Young has tested the bug in three environments and found that the location corresponded to the correct street address each time. In an attack example, the individual targeted needs to open and remain on a webpage for approximately a minute while connected to the same network as their Google device. While this is happening, the Wi-Fi network is scanned and any connected Google devices are revealed, along with their specific location data.
Assume data is accessible to adversaries
While it may be arduous for bad actors to pull a malicious attack off using these methods, it does mean that it is difficult to now view home networks as ‘trusted’ by default. Young did add, though, that people should “assume that any data accessible on the local network without credentials is also accessible to hostile adversaries”.
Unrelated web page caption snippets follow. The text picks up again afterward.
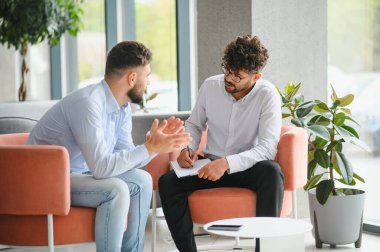 Psikolog, modern ofiste terapi seansı sırasında erkek hastaların sorunlarını dinlerken not alıyor.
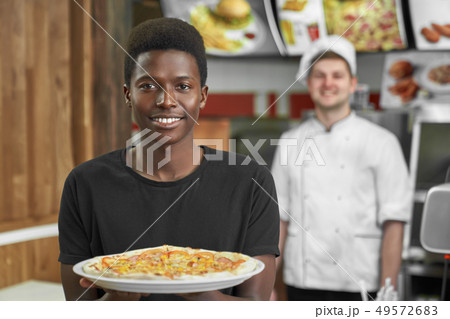 Selective focus of satisfied client keeping delicious pizza 49572683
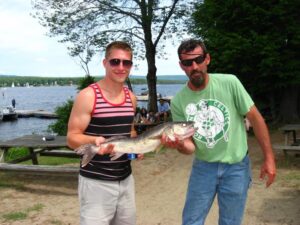 A father and his son hold a walleye they caught while fishing. 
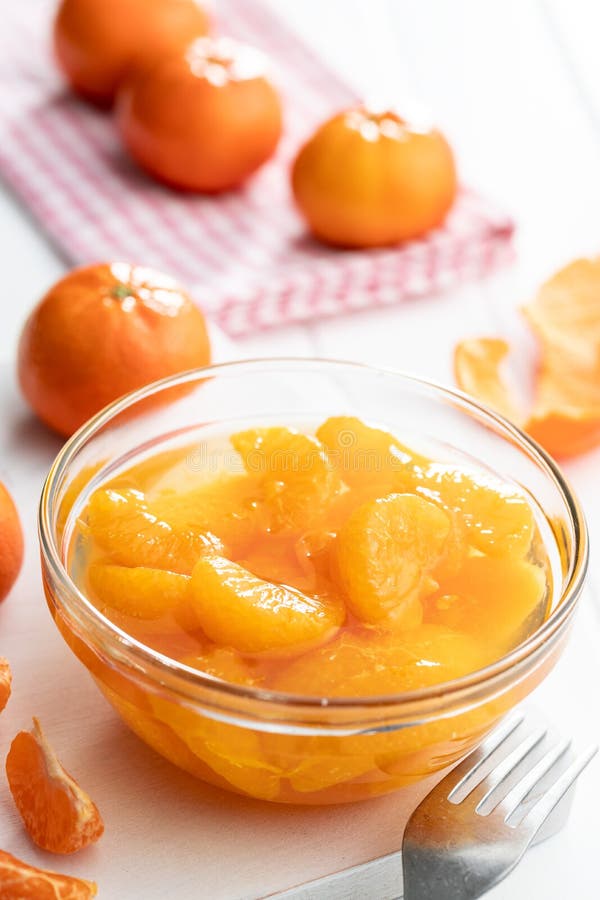 Canned Tangerine. Pickled Mandarin Fruit in Bowl on White Table Stock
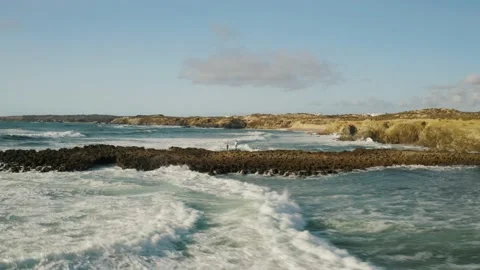Ocean waves breaking on sandy cliffs and rocky shore coastline Stock Footage 142751126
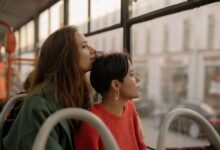 Two young women share an intimate moment on a bus, gazing thoughtfully outside.
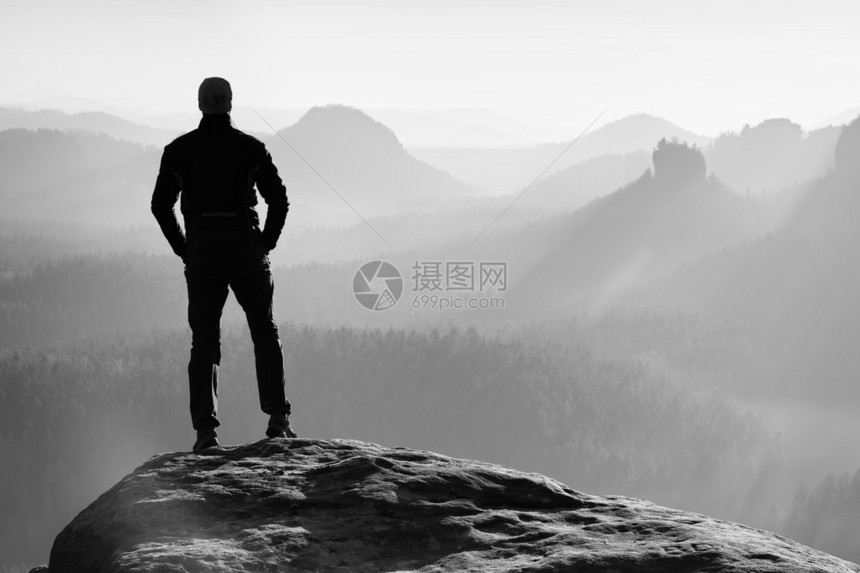 希克正站在岩石帝国公园的沙石岩峰顶上看着明晨微雾薄的山谷走向太阳美丽的瞬间图片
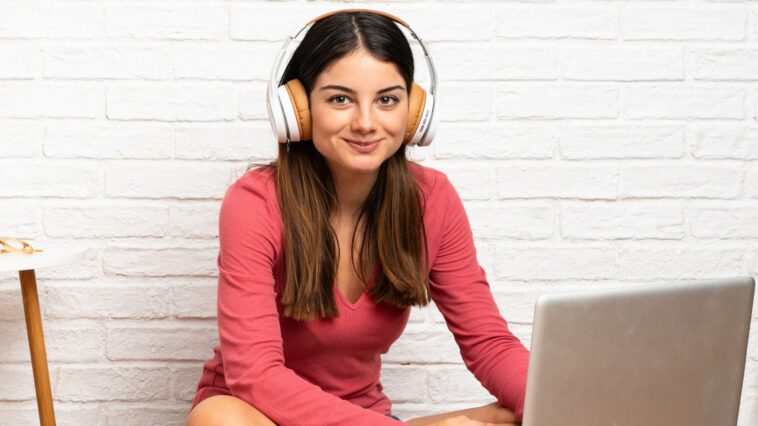 woman with headphones working on a laptop sitting on the floor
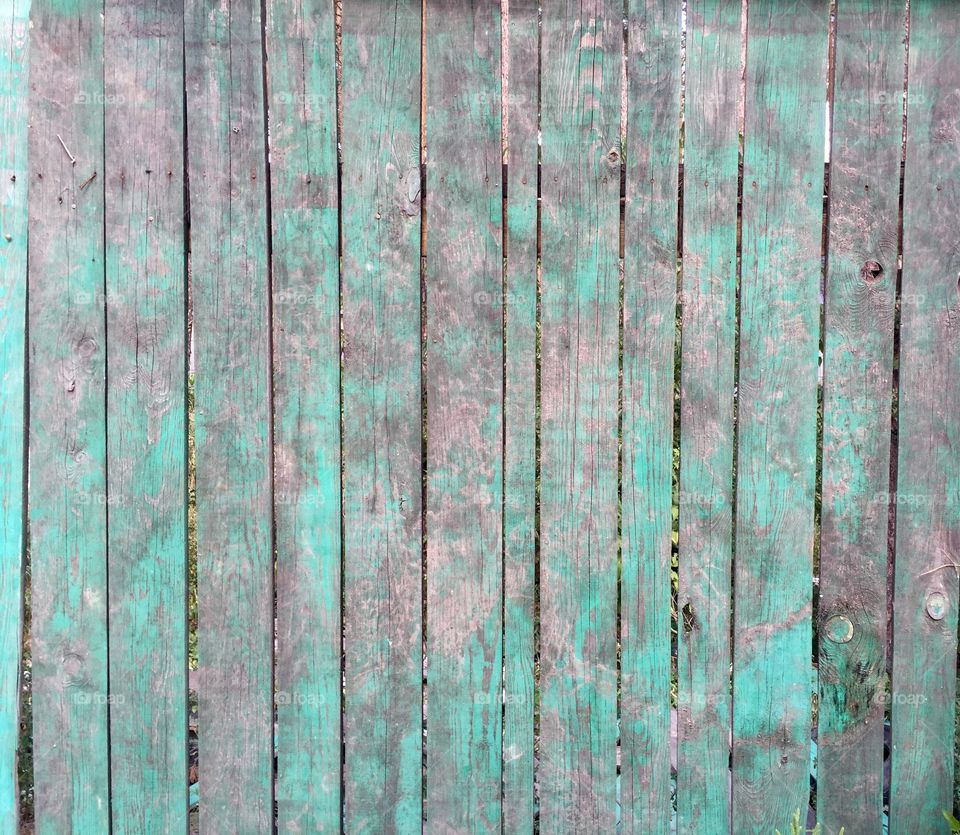 Texture and colors of a wooden fence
Google is set to debut a fix for the bug in the middle of July. There is a risk that phishing campaigns could use the bug to add gravitas to their strategies – by having a victim’s home address in an email, it may make them more likely to believe links within to be both official and benign.
Not just Google devices with this issue
Young noted that the issues he found are not solely applicable to Google devices. “Over the years that I’ve been auditing embedded devices, it is not the first time that I’ve seen a device supplying Wi-Fi survey data or other unique device details like serial numbers. Smart TVs, for example, commonly identify themselves with a unique screen ID as part of the DIAL protocol used to support Cast-like functionality.”
He recommends looking at segmenting your home networks; for example, having one network as your main home hub and another for connected devices. A simple way of doing this is adding another router on the network designated specifically for connected devices. Enabling DNS rebind protection is also recommended.